CTAM is a member of the DTV Transition Coalition, the organization that is taking responsibility for educating the public about the transition.

The CTAM survey reveals that only half (48 percent) of U.S. households are aware of the digital TV transition. Awareness among customers of cable services breaks down this way: among broadband subs, it’s 45 percent; among digital cable service, it’s 40 percent; and among basic cable service, it’s 39 percent.

Though any TV connected to a pay-TV service will be unaffected by the digital transition, the CTAM survey suggests that it is still imperative to educate subscribers.

The majority of households that currently receive cable, satellite or any other TV service have all their TV sets connected to some type of TV service, but 25 percent – or 23.3 million homes – said they also have at least one or more “unconnected” sets in their homes. Two-fifths (40 percent) of households with an unconnected TV set said they use those sets to watch broadcast TV programs only.
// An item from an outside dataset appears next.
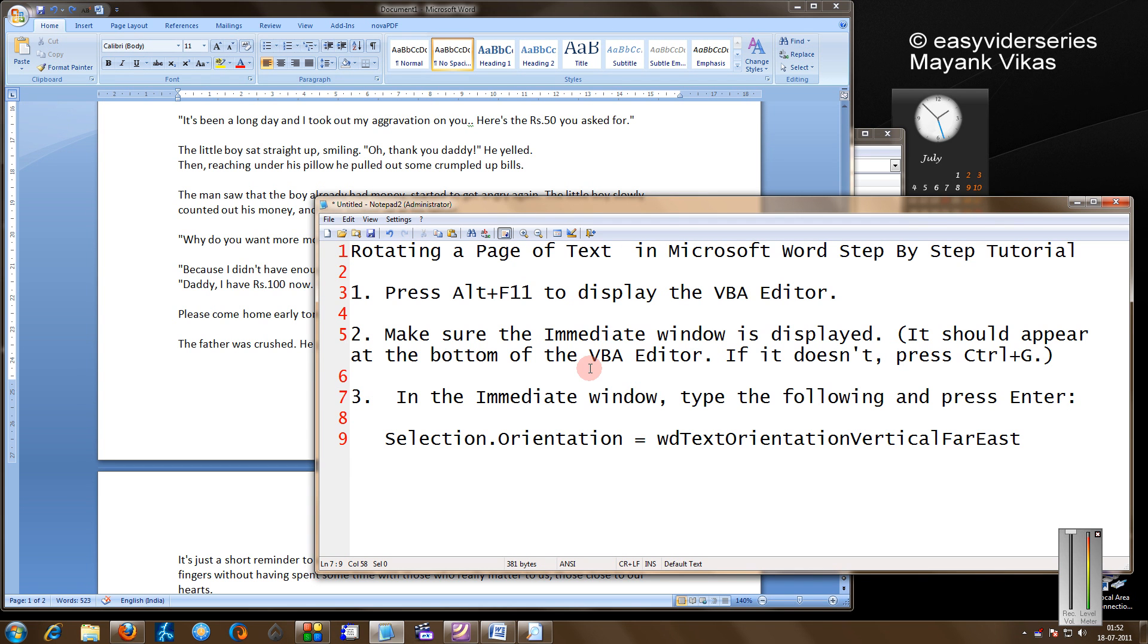Hello friends! Welcome to another tutorial of easy video series. In this, I am going to show you how to rotate a page of text in Microsoft Word.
Twenty-two percent use them to watch DVDs, and 16 percent use them for video games.

Forty-seven percent of all survey respondents said they do not know when the digital transition will occur, and 26 percent believe it will take place sometime other than 2009.

“In the months ahead, cable companies will reassure their customers that all connected analog sets will continue to display the new broadcast digital TV signals seamlessly. In addition, companies will be aggressively communicating with all consumers to alert them to the transition, help them understand what will happen in 2009, and [tell them] how they can benefit from this further transition to digital television technology,” said Char Beales, president and CEO of CTAM.